• Source information
● ● ● ● ● ● ●

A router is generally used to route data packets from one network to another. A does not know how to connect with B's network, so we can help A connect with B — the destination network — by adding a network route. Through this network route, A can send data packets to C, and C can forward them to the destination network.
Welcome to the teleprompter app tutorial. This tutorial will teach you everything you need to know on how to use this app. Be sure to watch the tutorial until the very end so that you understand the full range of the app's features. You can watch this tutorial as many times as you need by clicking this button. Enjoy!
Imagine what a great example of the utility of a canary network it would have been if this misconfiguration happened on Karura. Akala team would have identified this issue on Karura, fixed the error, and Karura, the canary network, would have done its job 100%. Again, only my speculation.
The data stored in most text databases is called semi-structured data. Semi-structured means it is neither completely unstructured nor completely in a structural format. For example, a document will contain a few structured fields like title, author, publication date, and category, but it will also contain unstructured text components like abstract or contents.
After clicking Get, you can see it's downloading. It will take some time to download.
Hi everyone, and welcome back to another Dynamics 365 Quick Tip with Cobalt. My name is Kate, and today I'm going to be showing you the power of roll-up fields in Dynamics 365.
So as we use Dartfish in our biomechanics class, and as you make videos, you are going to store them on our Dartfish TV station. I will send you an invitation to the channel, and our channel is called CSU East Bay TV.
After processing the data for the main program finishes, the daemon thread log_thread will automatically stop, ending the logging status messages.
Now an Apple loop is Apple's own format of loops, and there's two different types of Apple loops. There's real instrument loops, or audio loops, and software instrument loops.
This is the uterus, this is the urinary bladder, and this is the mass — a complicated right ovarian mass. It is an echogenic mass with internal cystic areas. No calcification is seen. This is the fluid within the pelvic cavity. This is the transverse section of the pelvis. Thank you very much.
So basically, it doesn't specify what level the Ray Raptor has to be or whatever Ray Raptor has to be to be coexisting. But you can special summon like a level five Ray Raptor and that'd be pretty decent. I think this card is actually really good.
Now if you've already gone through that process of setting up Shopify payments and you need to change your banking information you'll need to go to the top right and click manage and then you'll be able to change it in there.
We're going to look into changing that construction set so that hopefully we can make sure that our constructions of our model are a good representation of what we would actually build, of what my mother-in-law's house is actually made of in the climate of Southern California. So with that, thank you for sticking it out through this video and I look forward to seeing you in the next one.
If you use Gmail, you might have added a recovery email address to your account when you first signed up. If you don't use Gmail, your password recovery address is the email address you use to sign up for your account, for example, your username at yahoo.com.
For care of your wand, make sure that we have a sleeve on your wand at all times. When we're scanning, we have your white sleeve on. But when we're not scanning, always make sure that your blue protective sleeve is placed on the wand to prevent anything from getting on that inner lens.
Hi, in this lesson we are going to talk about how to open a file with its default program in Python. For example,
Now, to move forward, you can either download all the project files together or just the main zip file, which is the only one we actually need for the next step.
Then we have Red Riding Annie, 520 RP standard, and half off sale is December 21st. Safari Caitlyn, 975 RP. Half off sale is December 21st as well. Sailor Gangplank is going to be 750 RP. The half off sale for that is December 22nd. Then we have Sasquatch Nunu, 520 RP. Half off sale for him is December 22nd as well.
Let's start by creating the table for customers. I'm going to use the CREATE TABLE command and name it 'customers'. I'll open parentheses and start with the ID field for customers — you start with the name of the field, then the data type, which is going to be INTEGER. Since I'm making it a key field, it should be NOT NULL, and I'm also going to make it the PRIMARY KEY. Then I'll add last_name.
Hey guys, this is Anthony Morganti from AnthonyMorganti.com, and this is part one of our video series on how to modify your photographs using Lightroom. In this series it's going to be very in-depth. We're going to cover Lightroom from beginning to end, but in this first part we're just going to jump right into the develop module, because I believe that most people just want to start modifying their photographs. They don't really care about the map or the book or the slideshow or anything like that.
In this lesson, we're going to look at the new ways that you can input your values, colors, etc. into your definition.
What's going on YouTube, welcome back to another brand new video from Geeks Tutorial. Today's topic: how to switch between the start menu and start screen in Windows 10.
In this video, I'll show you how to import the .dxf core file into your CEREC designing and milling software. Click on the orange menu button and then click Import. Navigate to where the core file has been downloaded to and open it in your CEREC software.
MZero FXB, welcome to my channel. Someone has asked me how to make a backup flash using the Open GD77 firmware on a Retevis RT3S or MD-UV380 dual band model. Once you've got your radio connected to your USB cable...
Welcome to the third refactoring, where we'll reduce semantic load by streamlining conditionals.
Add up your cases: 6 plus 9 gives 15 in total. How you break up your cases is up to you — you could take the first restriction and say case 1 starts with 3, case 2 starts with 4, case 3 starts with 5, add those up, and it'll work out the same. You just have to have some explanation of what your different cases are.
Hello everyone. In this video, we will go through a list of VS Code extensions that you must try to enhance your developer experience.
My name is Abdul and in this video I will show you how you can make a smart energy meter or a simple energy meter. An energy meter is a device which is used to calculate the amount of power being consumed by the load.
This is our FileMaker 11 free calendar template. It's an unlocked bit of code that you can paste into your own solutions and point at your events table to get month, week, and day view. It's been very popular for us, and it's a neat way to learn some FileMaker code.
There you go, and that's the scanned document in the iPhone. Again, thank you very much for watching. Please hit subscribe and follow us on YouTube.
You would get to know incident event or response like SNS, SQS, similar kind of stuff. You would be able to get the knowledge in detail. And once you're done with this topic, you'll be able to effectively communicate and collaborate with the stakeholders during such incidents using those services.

● ● ● ● ● ● ●

• Aim of the exercise
In the records above, find the line with "Welcome to the third"; write out exactly that line and each one after it, stopping after the line with "My name is Abdul".

• Expected answer
Welcome to the third refactoring, where we'll reduce semantic load by streamlining conditionals.
Add up your cases: 6 plus 9 gives 15 in total. How you break up your cases is up to you — you could take the first restriction and say case 1 starts with 3, case 2 starts with 4, case 3 starts with 5, add those up, and it'll work out the same. You just have to have some explanation of what your different cases are.
Hello everyone. In this video, we will go through a list of VS Code extensions that you must try to enhance your developer experience.
My name is Abdul and in this video I will show you how you can make a smart energy meter or a simple energy meter. An energy meter is a device which is used to calculate the amount of power being consumed by the load.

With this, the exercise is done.